State court officials are panicking about federal enforcement agents arresting illegal aliens at courthouses, but a Department of Homeland Security (DHS) official said Tuesday that merely being present at a courthouse won’t save an illegal from deportation.
“Just because they’re a victim in a certain case does not mean there’s not something in their background that could cause them to be a removable alien,’” DHS spokesman David Lapan said, according to The Washington Post. “Just because they’re a witness doesn’t mean they might not pose a security threat for other reasons.”
“I can’t give a blanket statement that says every witness and victim is somehow untouchable, because they may have circumstances in their own case that would make them again subject to arrest,” he added, saying that cause of arrest “could be any number of things — again, the categories that we’ve talked about that make them subject to arrest or potential removal still apply to somebody who might him or herself be a victim.’”
Although in March California Chief Justice Tani G. Cantil-Sakauye bitterly complained about the practice, DHS Secretary John F. Kelly and Attorney General Jeff Sessions said in response that the courthouse is actually one of the best places to arrest illegals, as they’ve usually been scanned for possession of weapons before they’re allowed entrance into most areas of courthouses.
Unfortunately, Kelly and Sessions noted, there’s been a clash with local jurisdictions blocking Immigration and Customs Enforcement (ICE) agents from entering prisons to arrest illegals, which then forces agents to shift to courthouses, instead.

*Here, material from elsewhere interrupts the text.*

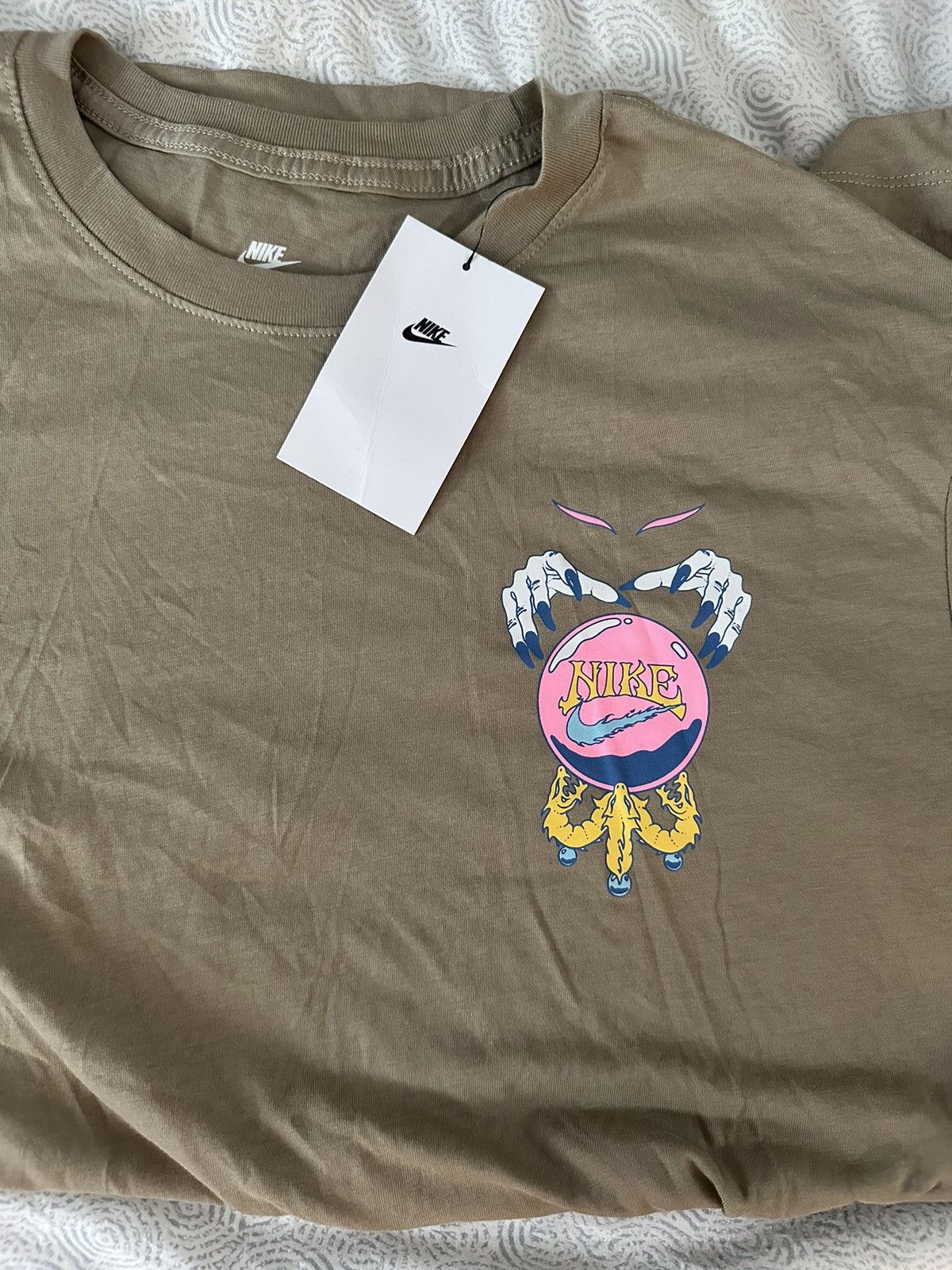 Nike Nike Crystal Ball T-shirt Brown Size US XL / EU 56 / 4 - 1 Thumbnail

In February, an ICE agent arrested a transgender illegal at a courthouse in El Paso, Texas, who was in court trying to seek a protective order against an ex-boyfriend.
“I did not think this situation would be possible,” Irvin Gonzalez said.
Gonzalez has already served time in prison on larceny and assault, in addition to being deported numerous times in the past.
In prison, Gonzalez was denied access to hormones, meaning that he was starting to grow facial hair again.
The ability of ICE and other border enforcement agents to carry out their jobs without the strictures placed upon them by the Obama administration has resulted in a surge of morale.
“For the first time in my nineteen years, I feel like I can do the job I was hired to do, the job they tell you you’ll be doing when you leave the academy,” a border patrol agent from San Diego, California, told The New York Times in February.